Jaquelin Febrillet avait 26 ans et travaillait à deux rues du World Trade Center lorsque les avions détournés par des djihadistes ont percuté les tours jumelles, le 11 septembre 2001 à New York. En 2016, cette mère de trois enfants est diagnostiquée d’un cancer métastatique.  

Avec une seule explication logique : le nuage de cendres et de débris toxiques dans lequel elle s’est retrouvée prise le jour de la catastrophe. Richard Fahrer, 37 ans aujourd’hui, travaillait lui fréquemment à la pointe de Manhattan comme arpenteur. Il y a 18 mois, on détectait sur ce jeune père un cancer agressif du côlon, qui frappe généralement des hommes beaucoup plus âgés et pour lequel il n’avait aucune prédisposition. 

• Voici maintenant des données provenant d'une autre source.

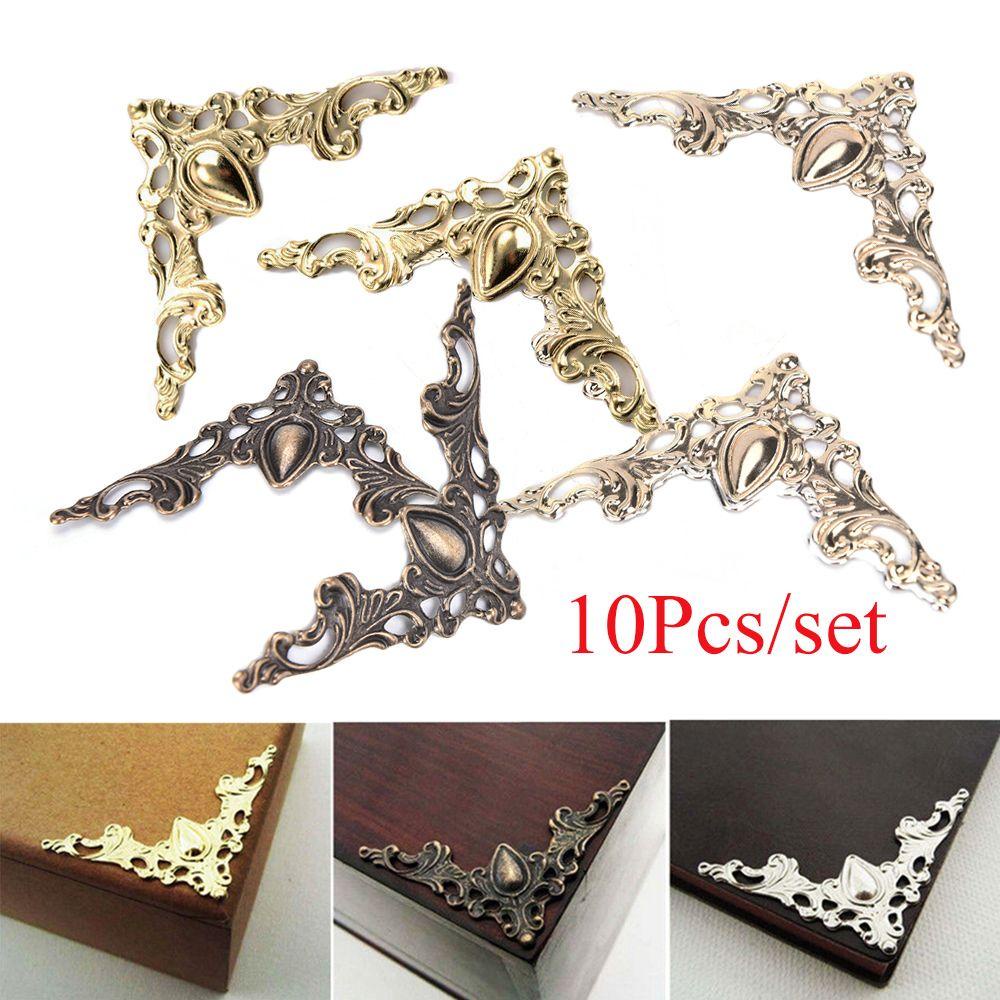 Top 10Pcs/set Bracket Sudut Kerajinan Vintage Scrapbook Logam Album Folder Antik Bronze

Bien au-delà des près de 3000 personnes tuées dans l’effondrement du World Trade Center (WTC), New York n’en finit pas de compter les personnes atteintes de cancers et d’autres maladies graves, notamment du poumon, liées au nuage toxique qui a plané des semaines durant sur le sud de Manhattan. 

Des milliers de malades

Les dizaines de milliers de pompiers et bénévoles mobilisés sur le site du WTC ont été les premiers touchés : dès 2011, une étude publiée dans le journal scientifique The Lancet montrait qu’ils étaient confrontés à des risques accrus de cancer. 10 000 d’entre eux ont été recensés comme étant atteints d’un cancer par le WTC Health Program, programme fédéral de soins réservé aux rescapés des attentats. Jaquelin Febrillet ou Richard Fahrer font eux partie des gens « ordinaires », travaillant ou résidant au sud de Manhattan dans la foulée de la catastrophe, une catégorie de malades qui ne cesse d’augmenter. Fin juin 2019, plus de 21 000 d’entre eux étaient enregistrés dans le programme de soins, soit deux fois plus qu’en juin 2016.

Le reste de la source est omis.